El 16 de noviembre nos llegó este correo, claramente «no solicitado» pero que no llega a «spam», de uno de los hortelanos:
Salíamos del huerto «del Siglo» cuando Alberto, mi hijo de seis años, me respondió. «No, papá, no me lo he pasado bien». Esperó tres segundos, sonrió encantado ante mi cara de decepción, y continuó: «Me lo he pasado GENIAL». Su hermana Ana asintió enfáticamente. «¿Podemos volver el próximo domingo, papá?». «Claro que sí». Hoy miércoles me lo han vuelto a pedir; eso sí, con las bicis, porque «como el huerto es ecológico…». Me encantan las conexiones de los niños; quizá todavía hay esperanza. Quizá no les cueste apenas olvidar los coches y comer calabacines de sus huertos; quizá inventen otro modo de ser felices dejando el planeta, como el bosque donde acampan los boy scouts, mejor que lo encontraron. No como nosotros, domingueros irresponsables.
La verdad es que no esperaba que nos lo pasáramos tan bien. Era la primera vez que «bajábamos» al huerto (vivimos cerca de la plaza del Encuentro, así que realmente todo el camino al cole es cuesta abajo… a la ida, claro). Pensé que los niños se cansarían enseguida de ir con la carretilla para arriba y para abajo, de sembrar lentejas y de tomar aperitivos. Ahora que lo pienso, no sé por qué pensé nunca que pudieran cansarse de esto… es como jugar en la playa, pero a lo grande. Y en la playa se les pasan las horas…
Realmente el que se lo pasó mejor fui yo, pero no se lo digáis a nadie. Me cansé lo justo, con esa sensación casi placentera que te hace recordar que tienes un cuerpo y no eres un periférico del ordenador; compartí la tarea de planificar, de imaginar cómo sería una cabañita hecha por los chavales, rodeada de frambuesa y moras y otras que dijo Javier, que sabe un rato de todo esto; aprendí qué es eso de la veza y el oxalis… Igual os parece una tontería, pero lo que más me gustó fue hacer avanzar el camino apenas un metro, picando y paleando, y llevando esa tierra oscura, con humus, fresca, al bancal donde ahora está plantada la veza y la lenteja, reemplazando la tierra arenosa, muerta, compactada por años y años de coches aparcados. Era una tarea simple, pero muy reconfortante: poder llevar el sustrato de la vida en una carretilla, poco a poco, al lugar donde se necesita. Sin pensar mucho más.
Y luego, como si hubiéramos estado vareando olivos desde las siete de la mañana, un señor aperitivo, con boniato y calabaza asada, con berenjena con anchoas, con quesico y clarete y pimientos de la Rioja con pavo y charleta («¿y si votamos a Equo?», y la prima y la sobrina de riesgo, y todas esas cosas).

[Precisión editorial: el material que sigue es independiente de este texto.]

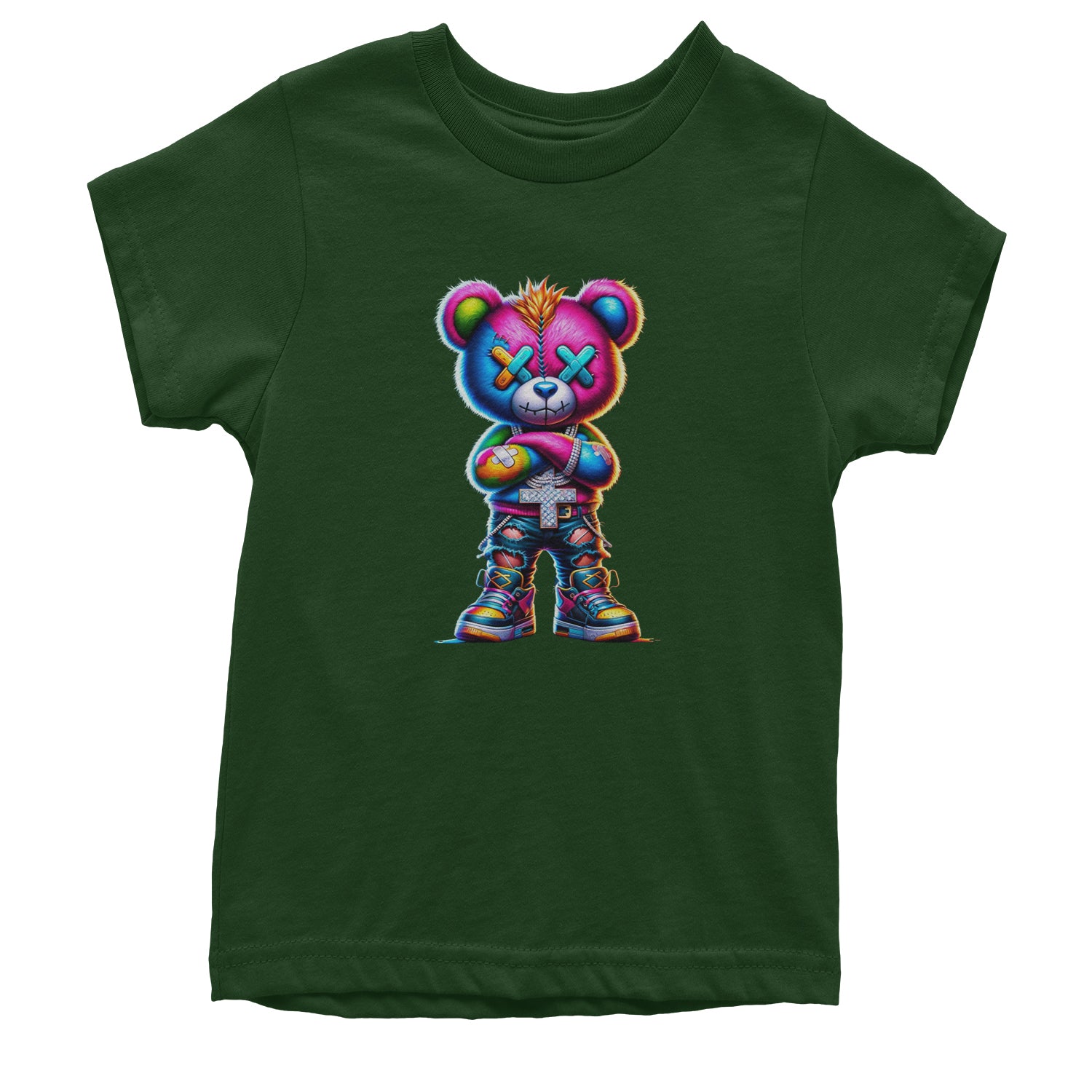 Stitched Neon Urban Graffiti Bear Youth T-shirt Black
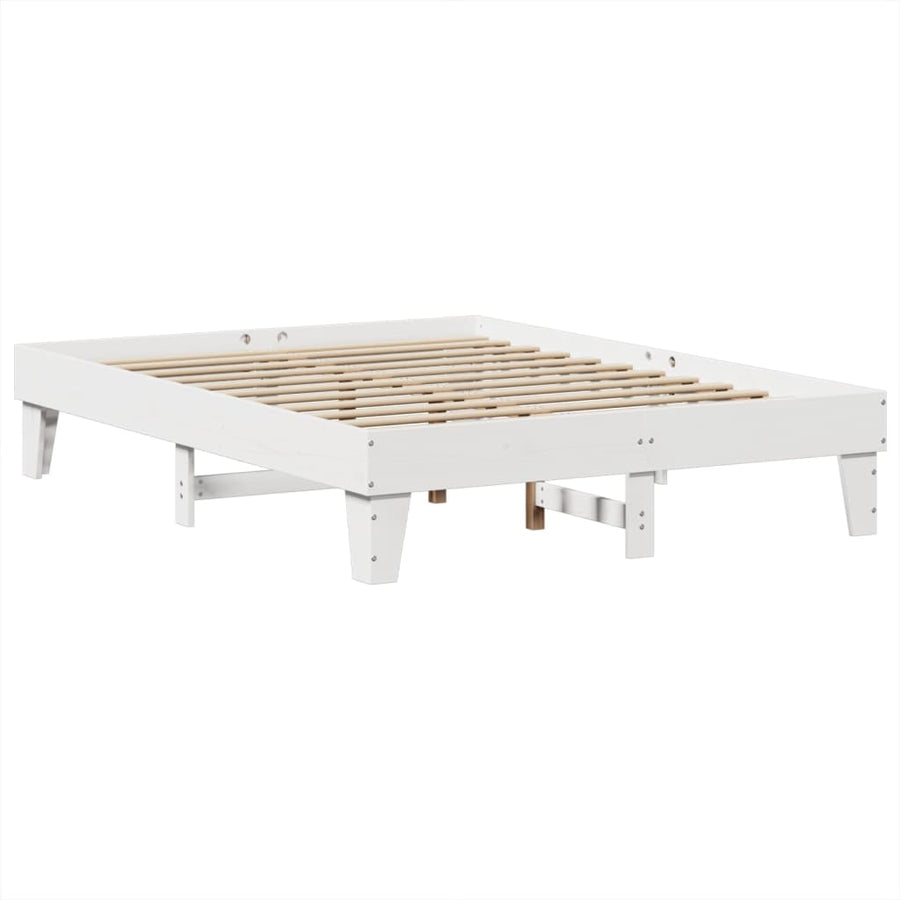 Bedframe zonder matras massief grenenhout wit 140x200 cm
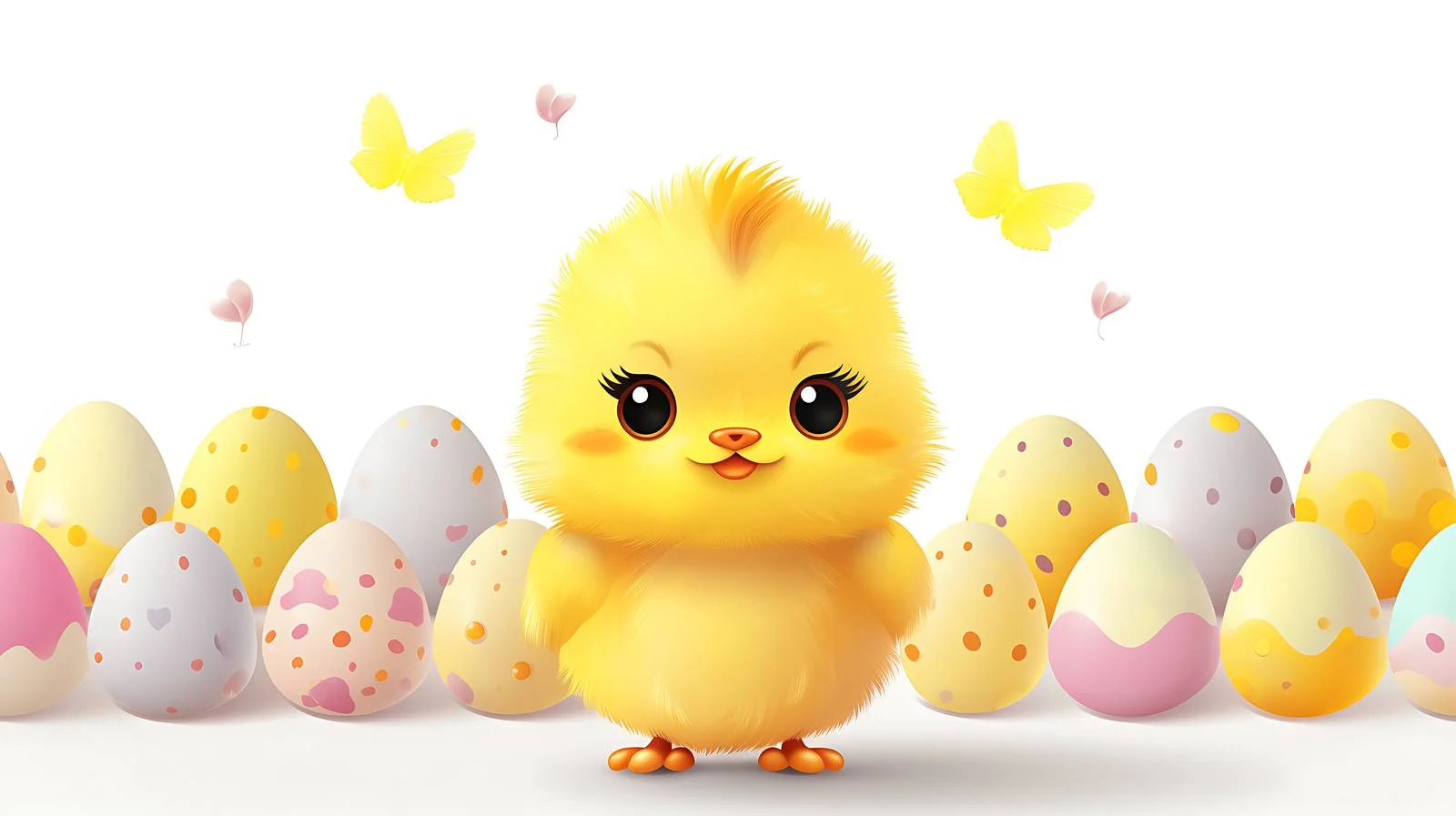 Cheerful Easter Card Featuring Playful Chick — free download from Dotvec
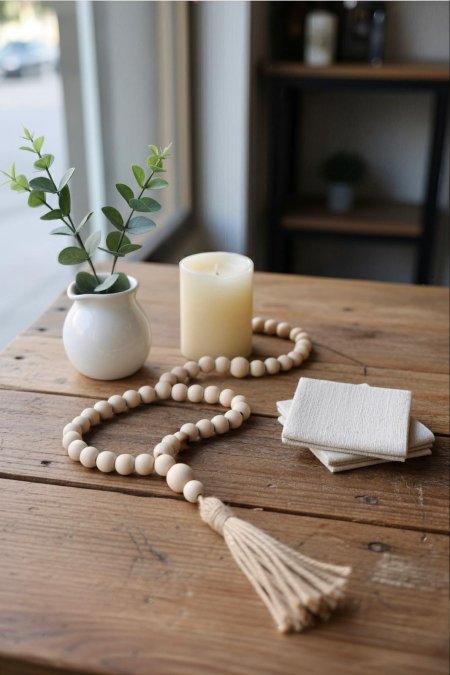 مسبحة ديكور نص مدور ونص سداسي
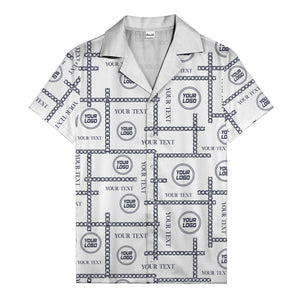 chain link grid custom logo text monochrome black white hawaiian shirt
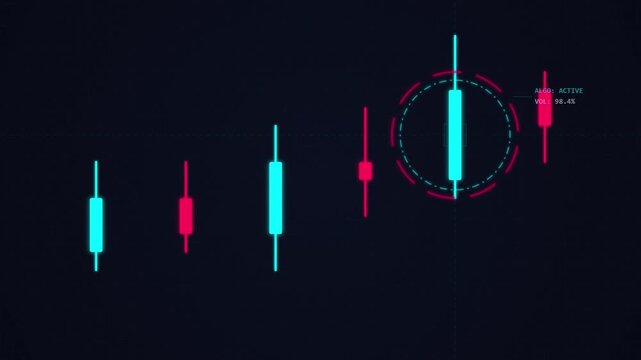 Futuristic financial candlestick chart displaying stock market data analytics and trading trends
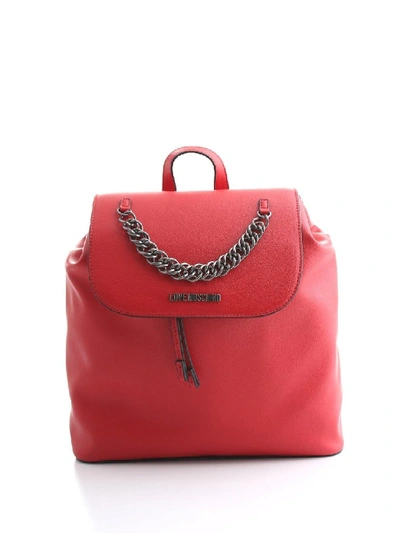 Love Moschino Red Leather Backpack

¿Por qué os cuento todo esto? Pues porque quizá, si algunos de vosotros está en el mismo punto que estaba yo hace una semana, con niños que pueden jugar y cavar y sembrar y regar con los míos y los de Luis y Luis y Ricardo y JoseA y Gema y Martín y Rubén y Laura (y ya no me acuerdo de más…), con ganas de sentir que estamos construyendo juntos algo que vale la pena, pues quizá este correo sea el empujoncito que necesitábais.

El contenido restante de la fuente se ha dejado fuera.